A consensus has grown up according to which Putin is a dictator in the making, an authoritarian by nature seeking to rule Russia like a latter-day tsar. The evidence is well-known: Mr Putin engineered the closure of national television channels that took an independent political line, and has initiated a clampdown on the media. He is accused of authorising the persecution of Russia's biggest oil tycoon, Mikhail Khodorkovsky, and forcing the bankruptcy of his company, Yukos. He is blamed for reigniting the war in Chechnya to consolidate his authority and ordering - or turning a blind eye to - the Russian army's barbaric methods.

He stands accused of manipulating elections to secure a compliant Duma and crush all opposition to his own re-election to the presidency.

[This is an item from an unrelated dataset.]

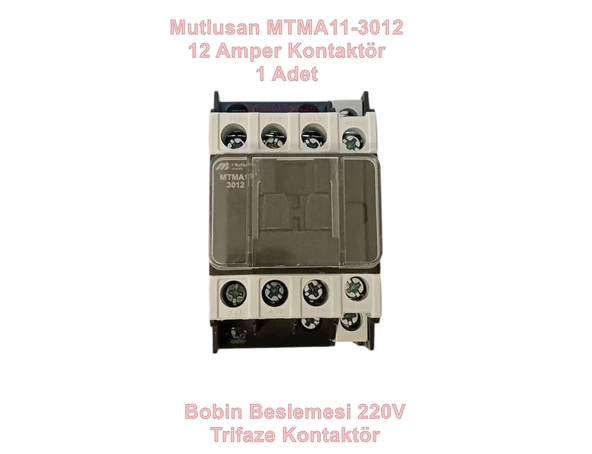 MUTLUSAN 3P 12A 5.5KW AC Kontaktör 220v 1NO+1NC (12 Amper 220 Volt 1 Açık 1 Kapalı Kontak Trifaze Kontaktör) ürün görseli 1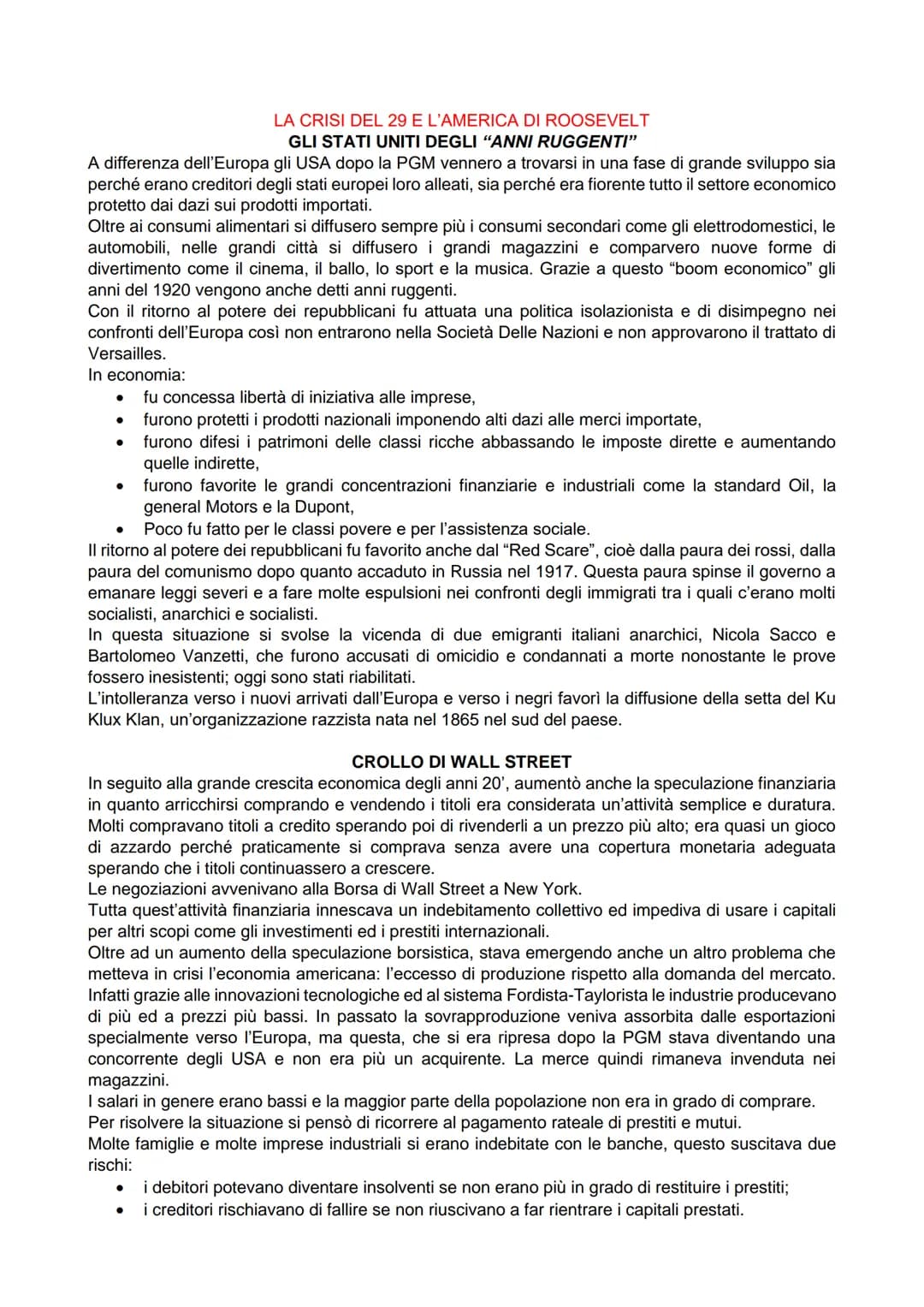 
<h2 id="glistatiunitideglianniruggenti">Gli Stati Uniti degli "anni ruggenti"</h2>
<p>A differenza dell'Europa, gli USA dopo la PGM vennero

Most recently he has been taken to task for replacing the direct elections of regional governors with a process of Kremlin nomination followed by local confirmation. He is doing all this, it is said, to bolster his own personal political authority.

In fact, many of the same charges were levelled against Gorbachev as his power ebbed away. This tends to be forgotten now, because Gorbachev has gone down in history, quite rightly, as a reformer who humanely declined to use armed force to keep intact the doomed empire he had inherited. In the last years of his rule, however, the recriminations were bitter. The newly liberated media accused him of authorising a return to tough censorship. Liberal members of the Soviet and Russian parliaments accused him of trying to institute a personal dictatorship. Though its use was timid compared with the way the Hungarian uprising and Prague Spring were crushed, force was used against demonstrators in Georgia and Lithuania. New-style politicians and entrepreneurs found many obstacles in their way; some lost their lives.

A great deal of what Gorbachev threatened in official pronouncements, however, never actually came about. Sometimes this was because he simply lacked the power: the levers of Soviet central planning were seizing up. Sometimes this was because his threats were no more than ploys, designed to block conservative opposition to his reforms.

Much the same is true of Putin. Much of what he says and does can be seen as the actions of a man searching for levers of power that will work - not to establish a dictatorship, but to have in place a national authority that functions as normal governments do. The Kremlin's failure - until this week - to capture or kill Chechen rebel leaders was perceived as weakness, especially after the Beslan school siege. The scalp of Aslan Maskhadov will provide a temporary boost.

Much else can be seen as an effort not to block opposition: for Putin as for Gorbachev, the bigger threat to his power comes not from out-and-out reformers, who constitute a small minority, but from die-hard conservatives. Opposition in the Duma consists not of reformers - who are hardly represented - but conservatives and nationalists. The same applies on the streets. The pensioners who protested recently against changes in their benefits were not calling for more economic reform, but for its reversal. They are a powerful lobby, with powerful supporters. Like Gorbachev, Mr Putin has to watch his back.

Twenty years ago may be another age in Russia. For turning around the unmanageable behemoth that was Soviet Russia, however, 20 years is really not long at all.